Here is the C++ program:

#include <iostream>  // to use input output functions

#include <cmath>  // to use math functions like sqrt()

#include <iomanip>  //to use setprecision method

using namespace std;   //to access objects like cin cout

int main ()  {  //start of main function

  double speedA;  //double type variable to store average speed of car A

  double speedB;  //double type variable to store average speed of car B

  int hour;  //int type variable to hold hour part of elapsed time

  int minutes;  //int type variable to hold minutes part of elapsed time

  double shortDistance;  // double type variable to store the result of shortest distance between car A and B

  double distanceA;  //stores the distance of carA

  double distanceB;  //stores the distance of carB

  double mins,hours;   //used to convert the elapsed time

cout << "Enter average speed of car A: " << endl;  //prompt user to enter the average speed of car A

cin >> speedA;   //reads the input value of average speed of car A from user

cout << "Enter average speed of car B: " << endl ;  //prompt user to enter the average speed of car B

cin >> speedB;   //reads the input value of average speed of car A from user

cout << "Enter elapsed time (in hours and minutes, separated by a space): " << endl;  //prompts user to enter elapsed time

cin>> hour >> minutes;    //reads elapsed time in hours and minutes

  mins = hour * 60;  //computes the minutes using value of hour

  hours = (minutes+mins)/60;     //computes hours using minutes and mins

distanceA = speedA * (hours);  // computes distance of car A

distanceB = speedB * (hours);   //computes distance of car B

   shortDistance =sqrt((distanceA * distanceA) + (distanceB * distanceB));   //computes shortest distance using formula √[(distanceA)² + (distanceB)²)]

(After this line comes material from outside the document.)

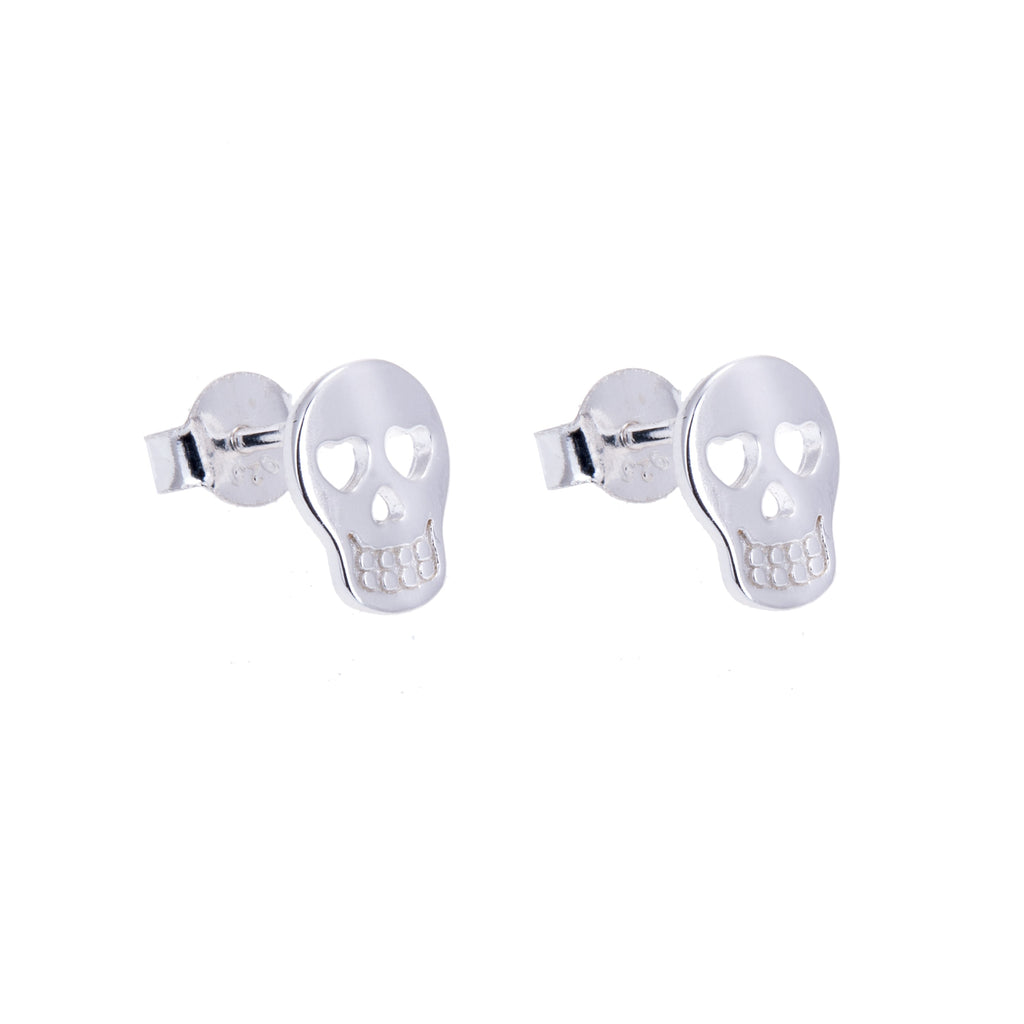 Boucles d'oreilles à tige en argent sterling avec tête de mort et cœur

cout << "The (shortest) distance between the cars is: "<<fixed<<setprecision(2)<<shortDistance;

//display the resultant value of shortDistance up to 2 decimal places

Explanation:

I will explain the program with an examples:

Let us suppose that the average speeds of cars are:

speedA = 70

speedB = 55

Elapsed time in hours and minutes:

hour = 2

minutes = 30

After taking these input values the program control moves to the statement:

mins = hour * 60;  

This becomes

mins = 2 * 60

mins = 120

Next

hours = (minutes+mins)/60;

hours = (30 + 120) / 60

         = 150/60

hours = 2.5

Now the next two statements compute distance of the cars:

distanceA = speedA * (hours);  

this becomes

distanceA = 70 * (2.5)

distanceA = 175

distanceB = speedB * (hours);

distanceB = 55 * (2.5)

distanceB = 137.5

Next the shortest distance between car A and car B is computed:

shortDistance = sqrt((distanceA * distanceA) + (distanceB * distanceB));

shortDistance = sqrt((175 * 175) + (137.5 * 137.5))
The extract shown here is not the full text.